• _Task directions_
Among the records that follow, set down only the lines from the one containing "E36 Calypsorot mit" to the one containing "İzmir açıklarında sürüklenen", both included, exactly.

• _Data listing_
'''

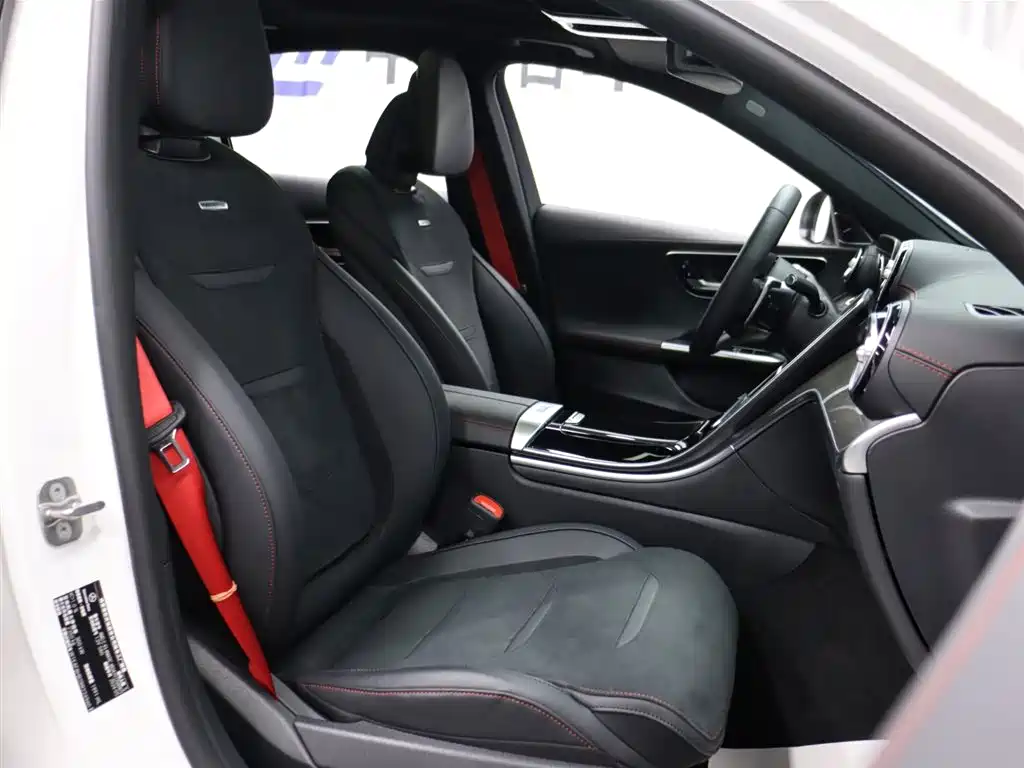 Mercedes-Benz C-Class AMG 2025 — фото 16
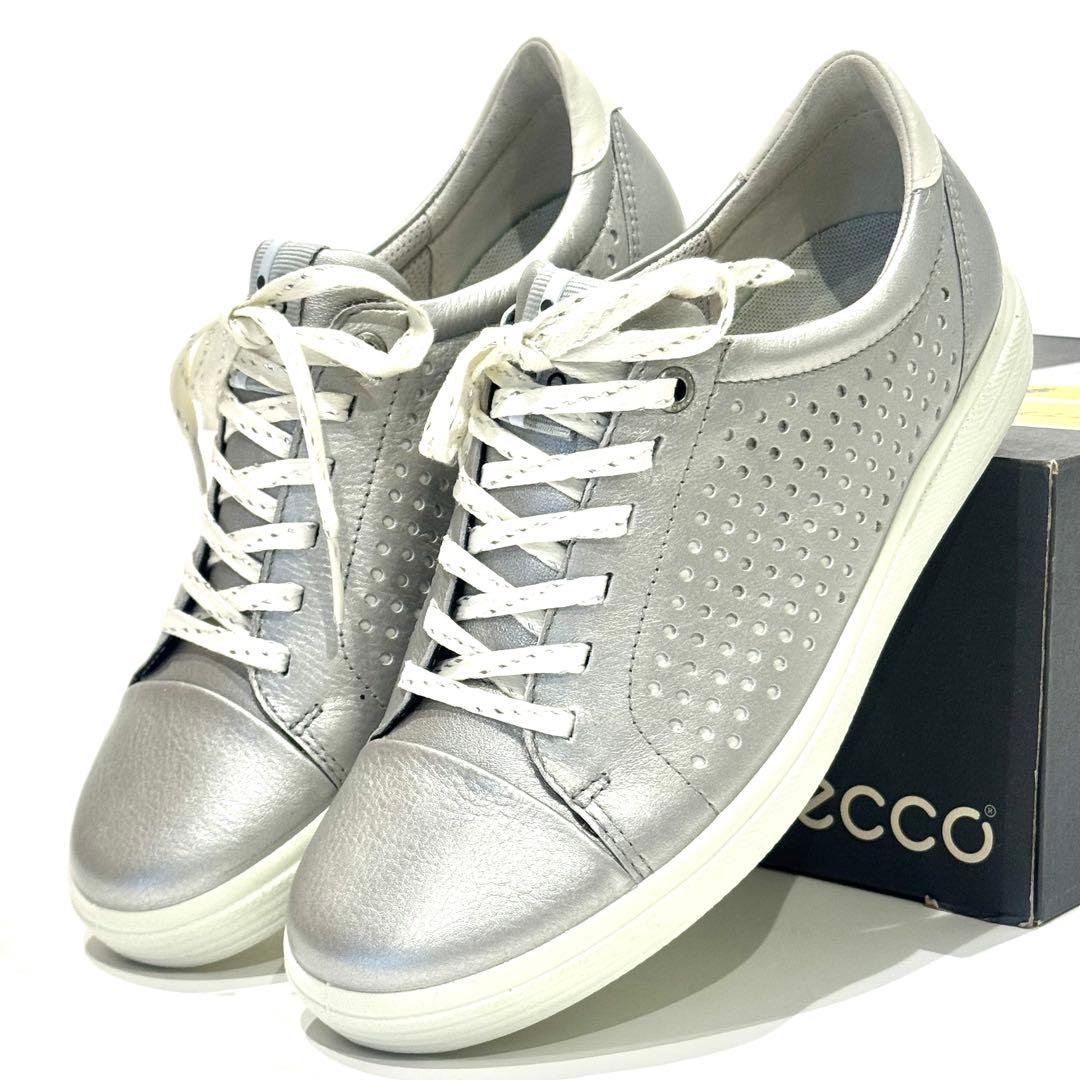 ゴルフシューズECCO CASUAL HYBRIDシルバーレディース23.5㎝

'''
'''

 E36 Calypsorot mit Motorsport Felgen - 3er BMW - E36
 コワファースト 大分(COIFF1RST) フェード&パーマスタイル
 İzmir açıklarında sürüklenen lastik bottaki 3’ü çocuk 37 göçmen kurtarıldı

'''

• _Answer section_
 E36 Calypsorot mit Motorsport Felgen - 3er BMW - E36
 コワファースト 大分(COIFF1RST) フェード&パーマスタイル
 İzmir açıklarında sürüklenen lastik bottaki 3’ü çocuk 37 göçmen kurtarıldı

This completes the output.